#### EXERCISE PROMPT
Images in the records should be skipped while the rest is transcribed verbatim.

Saved data entries
----
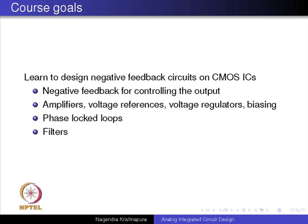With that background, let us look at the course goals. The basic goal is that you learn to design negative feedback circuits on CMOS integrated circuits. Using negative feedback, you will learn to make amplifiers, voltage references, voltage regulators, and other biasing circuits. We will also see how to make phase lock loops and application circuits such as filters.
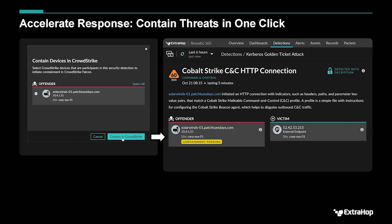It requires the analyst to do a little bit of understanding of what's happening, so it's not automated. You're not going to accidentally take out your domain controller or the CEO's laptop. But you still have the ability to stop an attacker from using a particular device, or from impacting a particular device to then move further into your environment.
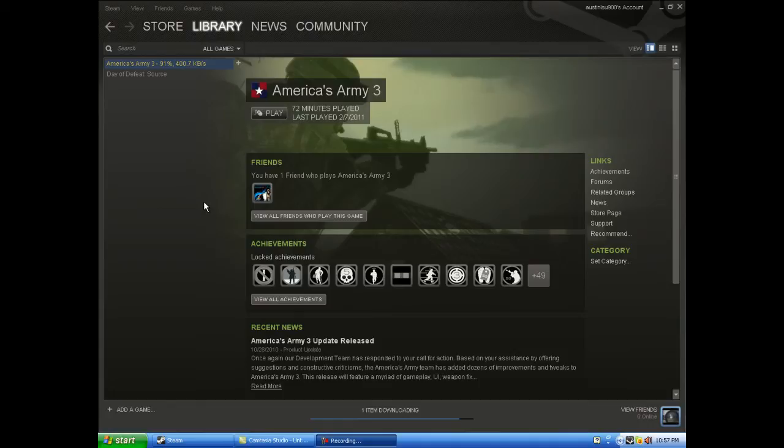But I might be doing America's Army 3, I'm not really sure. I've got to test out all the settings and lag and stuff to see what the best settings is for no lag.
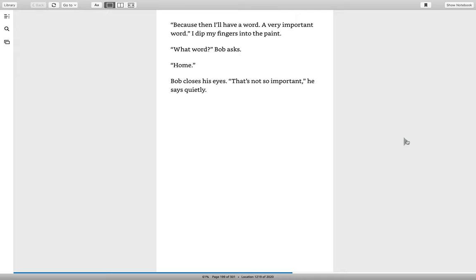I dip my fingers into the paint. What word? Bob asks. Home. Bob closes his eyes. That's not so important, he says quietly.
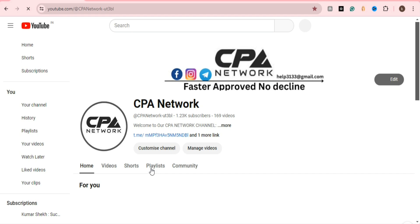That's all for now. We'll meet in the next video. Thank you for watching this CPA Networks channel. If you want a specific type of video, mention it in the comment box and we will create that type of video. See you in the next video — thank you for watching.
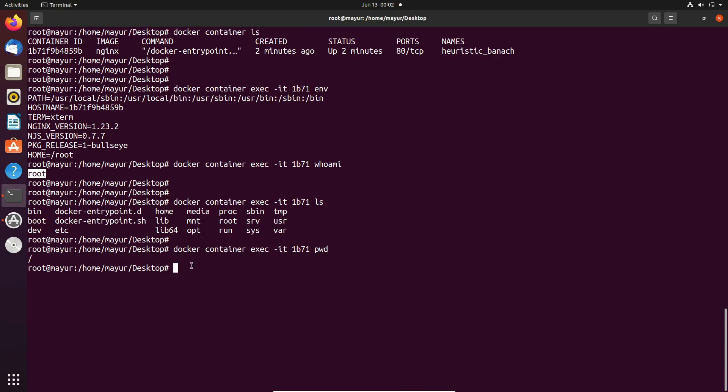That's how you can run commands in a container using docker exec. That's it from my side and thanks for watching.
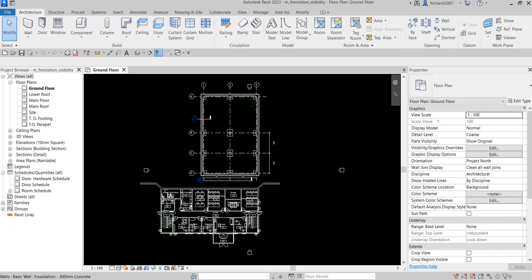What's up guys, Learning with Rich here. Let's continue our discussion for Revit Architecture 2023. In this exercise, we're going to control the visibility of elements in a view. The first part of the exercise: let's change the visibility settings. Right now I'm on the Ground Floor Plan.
----
#### FINAL ANSWER
With that background, let us look at the course goals. The basic goal is that you learn to design negative feedback circuits on CMOS integrated circuits. Using negative feedback, you will learn to make amplifiers, voltage references, voltage regulators, and other biasing circuits. We will also see how to make phase lock loops and application circuits such as filters.
It requires the analyst to do a little bit of understanding of what's happening, so it's not automated. You're not going to accidentally take out your domain controller or the CEO's laptop. But you still have the ability to stop an attacker from using a particular device, or from impacting a particular device to then move further into your environment.
But I might be doing America's Army 3, I'm not really sure. I've got to test out all the settings and lag and stuff to see what the best settings is for no lag.
I dip my fingers into the paint. What word? Bob asks. Home. Bob closes his eyes. That's not so important, he says quietly.
That's all for now. We'll meet in the next video. Thank you for watching this CPA Networks channel. If you want a specific type of video, mention it in the comment box and we will create that type of video. See you in the next video — thank you for watching.
That's how you can run commands in a container using docker exec. That's it from my side and thanks for watching.
What's up guys, Learning with Rich here. Let's continue our discussion for Revit Architecture 2023. In this exercise, we're going to control the visibility of elements in a view. The first part of the exercise: let's change the visibility settings. Right now I'm on the Ground Floor Plan.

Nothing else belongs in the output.